Las escuelas reabrieron ayer sus puertas en Newtown. Familias con niños fueron acompañados por policías a su llegada a los colegios.
Newtown - Sometido a una intensa presión después de la masacre de niños en Newtown, Barack Obama dio su respaldo ayer a un proyecto de ley para reintroducir una prohibición a la tenencia de armas de asalto (fusiles de guerra) en Estados Unidos.

El vocero de la Casa Blanca, Jay Carney, dijo que Obama apoyará la iniciativa propuesta por la senadora demócrata Dianne Feinstein para prohibir la tenencia de ciertas armas semiautomáticas con cargadores removibles.

El debate sobre esta cuestión resurgió luego de la masacre del viernes pasado en Newtown, Connecticut (noreste de EE.UU.), donde un joven mató a su madre en su domicilio y luego se dirigió a la escuela primaria Sandy Hook en un raid que se saldó con 20 niños y seis adultos muertos, además del agresor.

En una ceremonia religiosa el domingo, Obama prometió abordar una política de control de armas, luego de que el tema pasara sin modificaciones durante el primer mandato. Importantes dirigentes demócratas, como el senador por Nevada Harry Reid, son miembros de la influyente Asociación Nacional del Rifle.

«La gente ha hablado sobre los cargadores de municiones de alta capacidad, por ejemplo, y eso es algo que ciertamente él estaría interesado en estudiar», agregó Carney.

Obama habló además con el senador demócrata Joe Manchin, de Virginia Occidental, defensor de los derechos a tener armas, quien ahora se declaró abierto a estudiar el tema.

«El está animado, debería decirlo, por lo que todos hemos escuchado de parte de algunos miembros del Congreso que por largo tiempo se han opuesto a las medidas de control de armas, medidas de control de armas de sentido común como la prohibición a las armas de asalto y similares», dijo Carney.

El lunes, Obama se reunió con funcionarios de alto rango del Gobierno, incluido el vicepresidente, Joe Biden; el secretario de Educación, Arne Duncan; el fiscal general, Eric Holder; y la secretaria de Salud y Servicios Humanos, Kathleen Sebelius, para tratar el tema.

Estados Unidos ha sufrido una epidemia de violencia armada en las últimas tres décadas, incluyendo 62 incidentes de tiroteos masivos desde 1982, la mayoría de ellos con armas semiautomáticas o fusiles de mano comprados legalmente.

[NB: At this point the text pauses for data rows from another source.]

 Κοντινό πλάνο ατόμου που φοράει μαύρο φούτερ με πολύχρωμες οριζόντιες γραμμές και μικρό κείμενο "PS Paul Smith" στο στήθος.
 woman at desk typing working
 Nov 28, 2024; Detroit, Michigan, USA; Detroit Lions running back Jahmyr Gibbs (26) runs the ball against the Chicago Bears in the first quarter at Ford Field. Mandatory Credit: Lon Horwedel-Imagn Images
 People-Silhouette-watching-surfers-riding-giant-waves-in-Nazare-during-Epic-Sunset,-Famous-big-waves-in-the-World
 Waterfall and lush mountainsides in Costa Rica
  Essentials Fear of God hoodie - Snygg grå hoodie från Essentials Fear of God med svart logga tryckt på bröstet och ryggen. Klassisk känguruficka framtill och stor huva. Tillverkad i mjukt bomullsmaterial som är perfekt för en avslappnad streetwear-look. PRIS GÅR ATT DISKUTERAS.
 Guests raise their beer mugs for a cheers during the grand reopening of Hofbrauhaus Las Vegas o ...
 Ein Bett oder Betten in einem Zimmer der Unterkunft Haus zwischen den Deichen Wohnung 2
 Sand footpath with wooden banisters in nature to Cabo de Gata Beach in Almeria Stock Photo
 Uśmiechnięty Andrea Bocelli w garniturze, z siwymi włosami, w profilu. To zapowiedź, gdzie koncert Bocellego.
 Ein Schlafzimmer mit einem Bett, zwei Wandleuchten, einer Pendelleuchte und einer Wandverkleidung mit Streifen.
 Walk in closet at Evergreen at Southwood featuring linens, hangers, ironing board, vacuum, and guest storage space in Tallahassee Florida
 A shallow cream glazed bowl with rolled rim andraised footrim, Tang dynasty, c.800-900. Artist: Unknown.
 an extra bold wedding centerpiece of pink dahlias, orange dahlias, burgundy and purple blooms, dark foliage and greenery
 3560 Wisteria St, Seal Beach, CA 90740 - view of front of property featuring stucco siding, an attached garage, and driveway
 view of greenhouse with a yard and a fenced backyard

Según un sondeo difundido por CBS ayer, el 57% de los estadounidenses está a favor de una ley más rigurosa sobre tenencia de armas. De todos modos, la mitad piensa que una legislación más estricta no hubiese impedido la matanza de Sandy Hook.

Por su parte, decenas de familiares de víctimas de masacres se reunieron ante el Congreso de Estados Unidos para expresar que ya hubo «suficientes» masacres en este país y pidieron a los políticos «detener el baño de sangre».

Por iniciativa de la Asociación por el Control de Armas de la Campaña Brady para Prevenir la Violencia con Armas de Fuego, las familias de las víctimas de los escandalosos y trágicos tiroteos de Virginia Tech, Aurora y Columbine presentaron a la prensa una carta abierta a la Casa Blanca y a los legisladores en la que piden una «acción rápida» para prevenir nuevos incidentes.

«La ley de armas debe cambiar inmediatamente», dijo ante la prensa el presidente de la asociación, Dan Gross.